Diesel fuel could become preferred energy source for cars over the next 20 years.

Dec 08,2009
Juergen Gerhardt, senior vice president of German automotive giant Robert Bosch, is confident that clean diesel will become a preferred power source for vehicles over the next 20 years despite the development of electric cars.

Gerhardt said yesterday that the biggest reason the global automotive industry is aggressively developing electric vehicles is tied to the energy efficiency they can provide.

Electric vehicles can travel 2.5 times further than cars with conventional internal-combustion engines on the same amount of energy, he said.

However, with current technology, clean diesel engines can also achieve higher fuel economy and lower carbon dioxide emissions.

“Diesel has exceptionally high energy density,” said Gerhardt, who is visiting Seoul to participate in a two-day clean diesel global forum held at the National Assembly in Yeouido.

“Fifty milliliters of diesel fuel generates the same amount of energy as 68 kilograms [150 pounds] of the latest nickel-metal hybrid battery. This means that a 50-liter diesel fuel tank has the same energy amount as a 68-ton hybrid battery.”

Oh Kang-hyun, Korea Petroleum Association chairman, said diesel is the most efficient of all the automotive fuels out there right now. Citing a study he conducted last year for Korea University, Oh said diesel vehicles have 16 percent to 32 percent better fuel economy compared to regular gasoline vehicles.

Additionally, diesel-fueled vehicles have 54 percent to 77 percent higher fuel economy than those that run on liquefied petroleum gas, he said.

Gerhardt said he has noticed that Korean cars are getting bigger and heavier, which is similar to the dynamics of the industry in the United States.
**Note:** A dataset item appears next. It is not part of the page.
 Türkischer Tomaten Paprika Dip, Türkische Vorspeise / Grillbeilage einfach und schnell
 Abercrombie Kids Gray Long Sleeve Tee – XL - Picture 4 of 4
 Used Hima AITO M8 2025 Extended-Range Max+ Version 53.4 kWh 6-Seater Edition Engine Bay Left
Therefore, he said, it is important to utilize diesel technology to secure better fuel economy.

Oh agrees as well.

“The government needs to change the taxation system applied on diesel engines in order to boost the industry,” Oh said. “But most of all, we need to change our distorted conception of diesel fuel” as a dirty energy source.
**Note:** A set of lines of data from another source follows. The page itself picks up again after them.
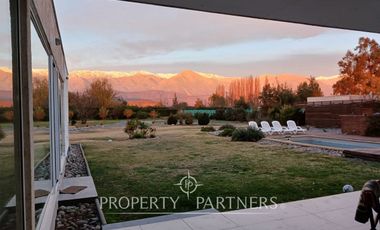 Casa Parcela estilo Mediterránea en exclusivo Condominio en Paine.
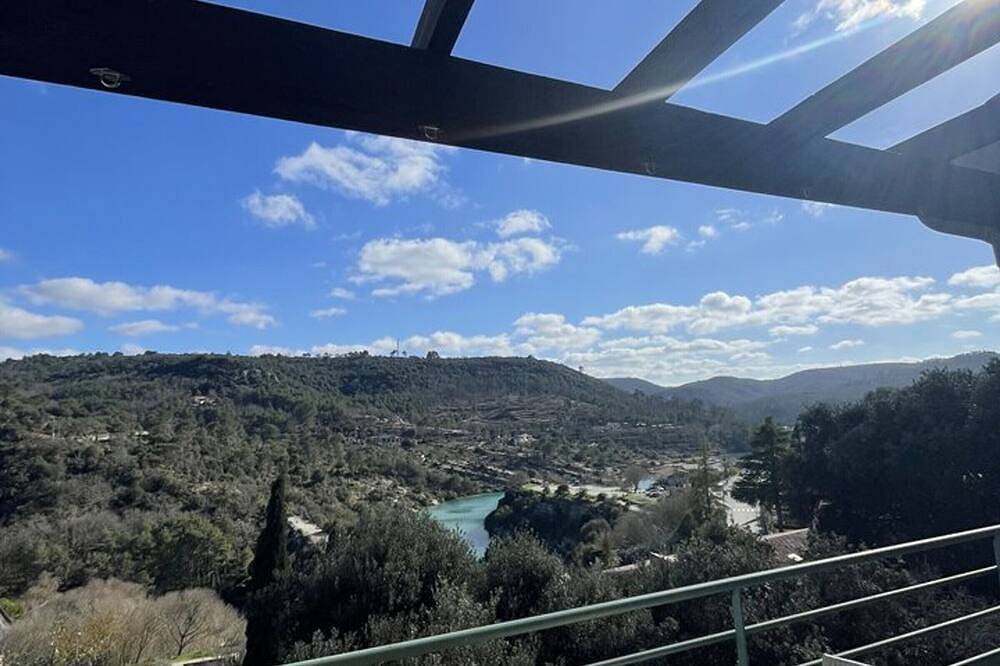 Casa encantadora cerca del lago de Esparron, 2 habitaciones, parking in Esparron-de-Verdon, Parc naturel régional du Verdon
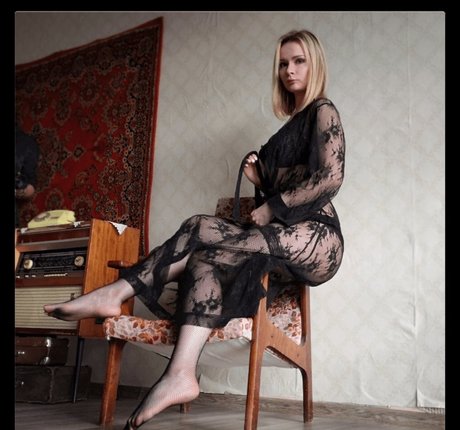 mamie milf onlyfans belle définition des photos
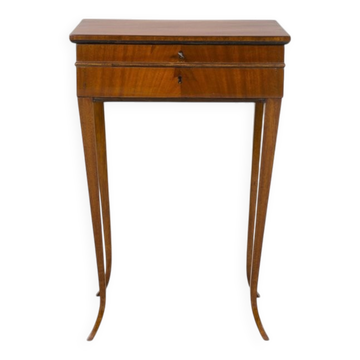 Table de travail Biedermeier en acajou et laque, Autriche, années 1820.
He pointed out that the Seoul government recently announced a plan to switch from diesel-fueled buses to buses that run on compressed natural gas in order to reduce pollution.

He also noted that Paris, where 70 percent of new vehicles run on diesel, has lower microscopic dust levels than Seoul. “We have to realize that the clean diesel of today is not the diesel that we knew in the 1980s,” Oh said.